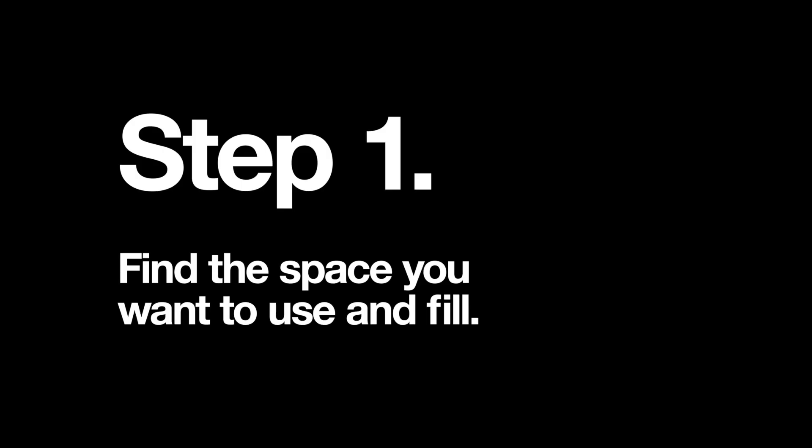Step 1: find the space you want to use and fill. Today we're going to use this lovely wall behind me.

################

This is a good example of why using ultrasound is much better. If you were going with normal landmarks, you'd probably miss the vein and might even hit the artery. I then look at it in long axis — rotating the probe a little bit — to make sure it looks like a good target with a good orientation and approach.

################

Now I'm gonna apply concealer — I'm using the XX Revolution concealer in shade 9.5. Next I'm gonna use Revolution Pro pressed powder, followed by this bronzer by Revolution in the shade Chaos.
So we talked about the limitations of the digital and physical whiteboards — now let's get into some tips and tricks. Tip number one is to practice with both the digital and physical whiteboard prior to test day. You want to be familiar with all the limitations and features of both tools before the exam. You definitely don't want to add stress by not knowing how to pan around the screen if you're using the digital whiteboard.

################

▸ HOW TO COMPLETE THIS TASK:
Transcribe, exactly and without additions, the lines of the records above, beginning with the line that contains "Now I'm gonna" and ending with the line that contains "So we talked", both included.

▸ REPLY TO THE EXERCISE:
Now I'm gonna apply concealer — I'm using the XX Revolution concealer in shade 9.5. Next I'm gonna use Revolution Pro pressed powder, followed by this bronzer by Revolution in the shade Chaos.
So we talked about the limitations of the digital and physical whiteboards — now let's get into some tips and tricks. Tip number one is to practice with both the digital and physical whiteboard prior to test day. You want to be familiar with all the limitations and features of both tools before the exam. You definitely don't want to add stress by not knowing how to pan around the screen if you're using the digital whiteboard.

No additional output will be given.